In theory, nn.Embedding should be similar to a fully connected layer whose input dimension is the vocabulary length and the output is the word embedding dimension. We can verify by the following method.

embed=nn.Embedding(401,200)
print(list(embed.parameters())[0].data)
print(list(embed.parameters())[0].data.shape)

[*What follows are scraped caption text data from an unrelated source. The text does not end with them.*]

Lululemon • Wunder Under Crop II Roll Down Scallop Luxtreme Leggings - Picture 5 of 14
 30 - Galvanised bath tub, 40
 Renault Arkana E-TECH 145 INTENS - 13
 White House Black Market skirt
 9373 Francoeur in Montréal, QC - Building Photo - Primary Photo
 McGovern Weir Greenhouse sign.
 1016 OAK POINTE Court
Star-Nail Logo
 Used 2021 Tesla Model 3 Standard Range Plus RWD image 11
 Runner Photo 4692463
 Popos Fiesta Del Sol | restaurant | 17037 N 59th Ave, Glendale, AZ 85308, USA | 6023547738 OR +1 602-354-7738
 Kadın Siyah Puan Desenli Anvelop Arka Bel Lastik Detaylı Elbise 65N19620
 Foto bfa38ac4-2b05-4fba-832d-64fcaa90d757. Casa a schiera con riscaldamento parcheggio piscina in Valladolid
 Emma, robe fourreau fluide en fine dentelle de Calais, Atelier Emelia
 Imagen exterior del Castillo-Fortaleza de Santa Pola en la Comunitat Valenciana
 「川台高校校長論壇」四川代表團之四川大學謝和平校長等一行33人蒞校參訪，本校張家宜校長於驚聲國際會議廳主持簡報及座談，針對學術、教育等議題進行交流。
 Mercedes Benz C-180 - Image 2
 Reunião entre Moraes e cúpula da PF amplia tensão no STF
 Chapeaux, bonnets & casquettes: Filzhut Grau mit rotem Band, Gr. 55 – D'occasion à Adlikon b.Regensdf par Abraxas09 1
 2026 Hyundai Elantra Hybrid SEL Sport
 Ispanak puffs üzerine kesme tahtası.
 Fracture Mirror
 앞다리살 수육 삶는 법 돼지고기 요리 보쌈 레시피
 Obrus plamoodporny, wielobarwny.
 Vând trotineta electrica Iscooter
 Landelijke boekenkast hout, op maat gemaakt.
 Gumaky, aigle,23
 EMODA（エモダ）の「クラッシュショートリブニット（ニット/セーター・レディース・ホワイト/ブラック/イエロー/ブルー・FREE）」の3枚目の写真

The final parameters do indicate that it is a single layer fully connected network. The difference from the ordinary fully connected network is that each neuron input is a word vector instead of a number, so its input dimension can be [batch_size, num_input_word, one_hot_dim]. So it is more like num_word parallel fully connected layers sharing the same parameters, similar to the channel channel in the convolutional neural network. So the dimensions of the embedding layer output [batch, num_input_word, embed_dim]. When inputting this into the next fully connected layer, it is necessary to change the embedding output data dimension. This part of the code is saved in model1.py.

import torch
from torch import nn
from torch.utils.data import DataLoader
from dataset import dataset

class model(nn.Module):
    def __init__(self):
        super().__init__()
        self.embed=nn.Embedding(401,50)
        self.fc1=nn.Linear(160400,100)
        self.act1=nn.ReLU()
        self.fc2=nn.Linear(100,401*1)
        self.act2=nn.Sigmoid()
    def forward(self,input):
        b,_,_=input.shape
        out=self.embed(input).view(b,1,-1)
        out=self.fc1(out)
        out=self.act1(out)
        out=self.fc2(out)
        out=self.act2(out)
        return out
if __name__=='__main__':
    model=model()
    optim=torch.optim.Adam(params=model.parameters())
    Loss=nn.MSELoss()
    traindata=DataLoader(dataset(),batch_size=5,shuffle=True)
    for i in range(100):
        print('the {} epoch'.format(i))
        for d in traindata:
            yp=model(d[0])
            loss=Loss(yp,d[1])
            optim.zero_grad()
            loss.backward()
            optim.step()
    torch.save(model,'model_1.pkl')

2. Construct embedding yourself

Tutu here defines a fully connected layer with a layer number of 2 as the embedding layer. The method is similar to the effect of the previous embedding. This part of the code is saved in model2.py.

import torch
from torch import nn
from torch.utils.data import DataLoader
from dataset import dataset
import numpy as np
class embedding(nn.Module):
    def __init__(self,in_dim,embed_dim):
        super().__init__()
        self.embed=nn.Sequential(nn.Linear(in_dim,200),
                                 nn.ReLU(),
                                 nn.Linear(200,embed_dim),
                                 nn.Sigmoid())
    def forward(self,input):
        b,c,_=input.shape
        output=[]
        for i in range(c):
            out=self.embed(input[:,i])
            output.append(out.detach().numpy())
        return torch.tensor(np.array(output),dtype=torch.float32).permute(1,0,2)


class model(nn.Module):
    def __init__(self):
        super().__init__()
        self.embed=embedding(401,50)
        self.fc1=nn.Linear(400,4000)
        self.act1=nn.ReLU()
        self.fc2=nn.Linear(4000,401*1)
        self.act2=nn.Sigmoid()
    def forward(self,input):
        b,_,_=input.shape
        out=self.embed (input).reshape(b,-1)
        out=self.fc1 (out)
        out=self.act1(out)
        out=self.fc2(out)
        out=self.act2(out)
        out=out.view(b,1,-1)
        return out
if __name__=='__main__':
    model=model()
    optim=torch.optim.Adam(params=model.parameters())
    Loss=nn.MSELoss()
    traindata=DataLoader(dataset(),batch_size=5,shuffle=True)
    for i in range(100):
        print('the {} epoch'.format(i))
        for d in traindata:
            yp=model(d[0])
            loss=Loss(yp,d[1])
            optim.zero_grad()
            loss.backward()
            optim.step()
    torch.save(model,'model_2.pkl')

Three: Summary

As a method of natural language processing, the word embedding model has a wide range of types and is not limited to the methods described in this article. The ideas of these word embedding methods are basically the same. In essence, word embedding has many similarities with autoencoders. It reduces the data dimension and usually represents data in a more reasonable way. and optimization are important.